* **ABOUT THIS EXERCISE**
When writing out the entries below, keep only the lines from the line with "New 2026 Ford" to the line with "Green Cell bateria", both included, exactly as they are, and leave the pictures aside.

* **WORKING DATA**
━━━━━━━━━━

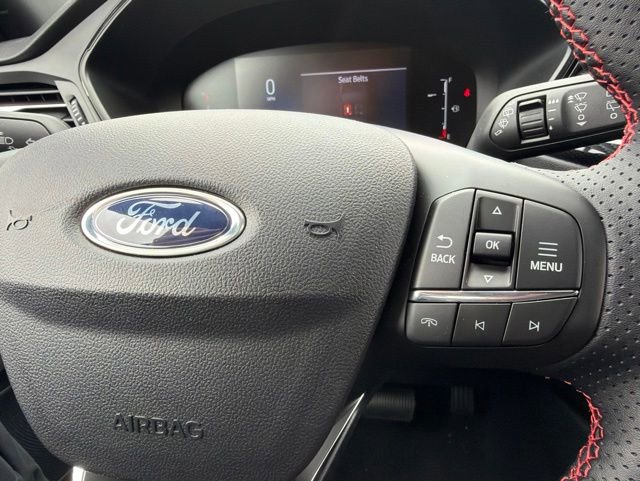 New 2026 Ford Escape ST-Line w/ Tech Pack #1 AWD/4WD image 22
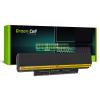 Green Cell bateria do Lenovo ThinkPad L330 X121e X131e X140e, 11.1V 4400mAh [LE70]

━━━━━━━━━━

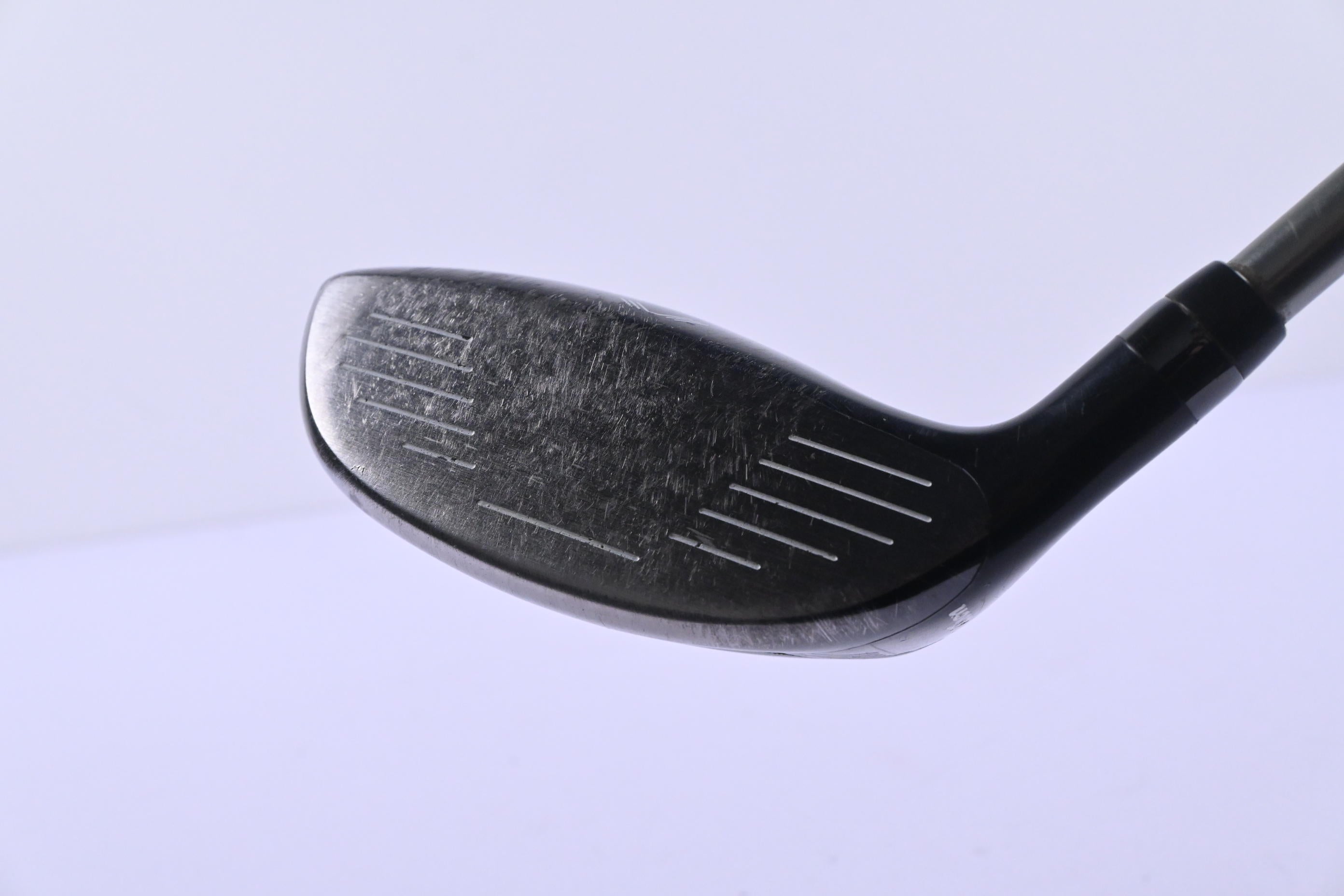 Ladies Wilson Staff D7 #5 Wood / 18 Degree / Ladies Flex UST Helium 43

━━━━━━━━━━

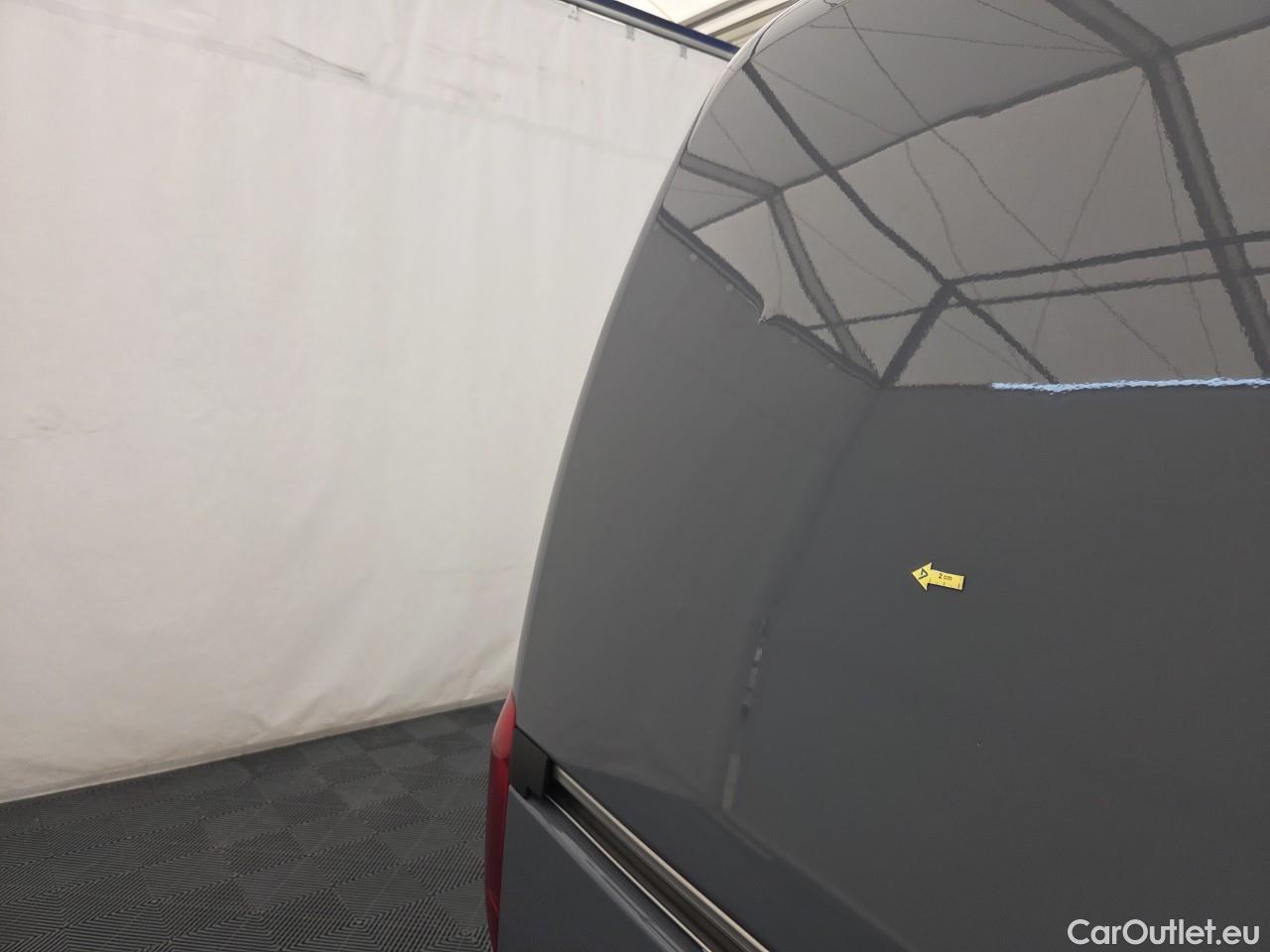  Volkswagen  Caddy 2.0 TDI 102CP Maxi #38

━━━━━━━━━━

* **TASK RESULT**
 New 2026 Ford Escape ST-Line w/ Tech Pack #1 AWD/4WD image 22
 Green Cell bateria do Lenovo ThinkPad L330 X121e X131e X140e, 11.1V 4400mAh [LE70]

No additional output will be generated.